Ditambah lagi di adegan saat Travis sarapan bersama Iris. Kita melihat bentuk yang jauh lebih hangat lagi dibandingkan bentuk yang muncul di adegan sebelumnya. Satu hal yang menarik adalah kami masih melihat Travis, bukan orang lain. Maksudnya, De Niro memunculkan sisi lain dari Travis tanpa menanggalkan Travis yang sebenarnya.
Tokoh ini kemudian kami juluki psiko yang manusiawi karena di adegan akhir, ketika tembak menembak, kami tak melihat ada beban ketakutan atau kesalahan dari Travis. Ia terlihat tenang dan menembak tanpa perasaan bersalah. Travis yang hangat mendadak jadi berdarah dingin, tapi yang menarik, ketika ada Iris disana, kesan hangat yang muncul saat sarapan bersama Iris, kembali muncul di adegan ini. Kalian bisa melihat ketika Travis sudah menyerah, dan duduk di samping Iris, tepat sebelum polisi menangkapnya.
Taxi Driver yang Aneh
Travis Bickle dan permainan De Niro di Taxi Driver adalah capaian yang sebenarnya menarik. Tapi bahkan sampai selesai menulis artikel ini, kami tak bisa sepenuhnya mengatakan tokoh ini menarik. Bukan, bukan begitu. Kami bisa mengatakan tokoh ini menarik, tapi tak bisa mengatakan ciptaan De Niro mengagumkan.

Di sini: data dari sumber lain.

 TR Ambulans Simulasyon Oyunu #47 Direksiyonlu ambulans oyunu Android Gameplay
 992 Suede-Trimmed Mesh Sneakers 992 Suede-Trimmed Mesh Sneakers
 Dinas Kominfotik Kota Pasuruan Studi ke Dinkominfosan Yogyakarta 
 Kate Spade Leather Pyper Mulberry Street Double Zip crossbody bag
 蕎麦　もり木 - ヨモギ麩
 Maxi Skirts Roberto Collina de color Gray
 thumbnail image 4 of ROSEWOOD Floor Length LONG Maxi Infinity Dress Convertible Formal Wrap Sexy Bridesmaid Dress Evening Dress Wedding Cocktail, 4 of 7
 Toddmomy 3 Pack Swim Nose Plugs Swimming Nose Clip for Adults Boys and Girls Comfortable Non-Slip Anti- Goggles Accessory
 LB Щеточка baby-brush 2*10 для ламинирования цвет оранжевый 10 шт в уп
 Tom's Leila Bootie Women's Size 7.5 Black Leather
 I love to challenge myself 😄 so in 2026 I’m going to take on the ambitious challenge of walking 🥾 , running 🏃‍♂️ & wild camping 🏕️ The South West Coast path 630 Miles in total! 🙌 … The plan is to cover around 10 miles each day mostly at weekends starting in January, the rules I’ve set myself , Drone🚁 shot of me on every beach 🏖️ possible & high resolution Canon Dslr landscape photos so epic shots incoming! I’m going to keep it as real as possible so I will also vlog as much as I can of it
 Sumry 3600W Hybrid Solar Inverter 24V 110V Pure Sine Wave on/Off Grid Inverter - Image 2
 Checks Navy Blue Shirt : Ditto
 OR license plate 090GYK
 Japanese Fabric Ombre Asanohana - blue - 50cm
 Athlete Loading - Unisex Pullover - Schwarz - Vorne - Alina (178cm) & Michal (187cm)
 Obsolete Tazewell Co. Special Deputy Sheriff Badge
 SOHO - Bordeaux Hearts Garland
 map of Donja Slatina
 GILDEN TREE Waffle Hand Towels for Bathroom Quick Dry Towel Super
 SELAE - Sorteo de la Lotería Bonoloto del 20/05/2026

Taxi Driver bagi kami bukan film yang menceritakan pertumbuhan seorang pembunuh, seperti yang kami sempat duga di awal film. Taxi Driver ini adalah film yang menceritakan tentang pertumbuhan seseorang, dari manusia, lalu ke separuh manusia, lalu ke bukan manusia, kembali ke manusia. Aneh kan? Itulah, kami bahkan belum bisa menjelaskan dengan gamblang pemahaman kami atas Taxi Driver dan Travis Bickle, kecuali yang sudah kami tuliskan di atas. Kalian bisa?